Review by Darren Gawle
Photography by Paul Clarke
Perhaps this epidemic of all-ages-o-phobia stems from a reluctance on our part to be reminded of an age we'd rather forget (Do I want to remember having greasy hair and acne? Probably not.). Perhaps it's because of the alcohol-free environment (as if that should stop you from tanking up in the parking lot beforehand). Or perhaps the enthusiasm shown by the Kids, their genuine applause at the end of every opening act's set and their untainted sense of what constitutes a good time reminds us of what a bunch of boring, jaded old farts we've managed to become.
Anyway, the first act set to ram a platform go-go boot up our ass this evening was supposed to have been Fluffy, but they cancelled. (A gig in Whalley or a video shoot in Florida -- well, which would you have chosen?) More's the pity -- I was looking forward to how they planned to execute their thunderously mediocre debut album in a live setting. All was not lost, however, with a fine opening slot by Vancouver's own Thrill Squad. Power-pop being the order of the evening, Thrill Squad came across as the cool aunt/uncles you're supposed to have; the ones who take you to your first hockey game, sneak you your first beer, or take you to your first all-ages show. In a word -- fun.
Did I just say that Thrill Squad were fun? If that's the case, then the Malchiks were FUN. Yes, that's FUN with a capital F for FUCK YOU! This band serves up ska on a bed of psilocybin mushrooms, and the effect is in no small way due to the riveting presence of singer Scotty Moil. Imagine Pee-Wee Herman auditioning for the parts of both Renton in Trainspotting and Alex in A Clockwork Orange at the same time and you'd get the general idea. Beginning with a piss-take of Pluto's "Paste" while Moil wandered the stage with a bicycle helmet over his face like some deranged robot, the Malchiks' set quickly accelerated into a free-for-all.
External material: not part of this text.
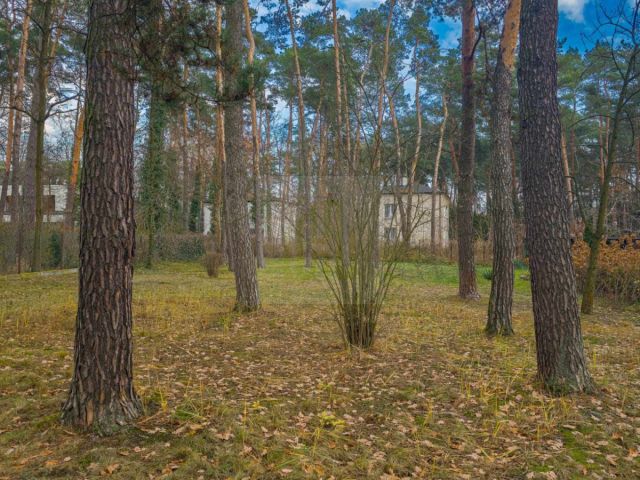 dom wolnostojący, 4 pokoje Podkowa Leśna. Zdjęcie 35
The idea of fun was certainly not lost on the dozen or so audience members invited on-stage for a cover of "It's a Small World After All" (well, except for the goth chick who just stood there and sneered at everyone.) "I never really appreciated life until I appreciated my feet," noted Moil afterwards. I never appreciated ska until I appreciated the Malchiks; bets on local talent don't come much safer than this.
This show proved to be the last time for a while to see Pluto, as they'll be on the road for the next three months with labelmates Fluffy. Thus Pluto treated their set as both a pre-trip warm up and as their own private going-away party. "We were kind of rusty," admitted singer/guitarist Ian Jones later, "we were really just playing for ourselves." Gee, he says that as if it were a bad thing.
Fun, once again, was the operative word, and there are few people who seem to glean as much enjoyment out of playing live than Jones and co-vocalist/bassist John Ounpuu. Case in point: how many bands even think about covering E.L.O.'s "Baby Do You Want My Love" and Queen's "Sheer Heart Attack" ? Even the underlying lyrical bitterness of songs such as "Regenerate" and "Failure" can't stand up to Ian's perpetual grinning and John's between-song cracks from the peanut gallery. And, as a unit, Pluto deliver a turbo-pop assault to which their major-label debut disc simply doesn't do justice.
All ages shows? Only a boring old fart worries about what a boring old fart he/she's become. Hey, forget the bullshit about growing up -- grow down for once.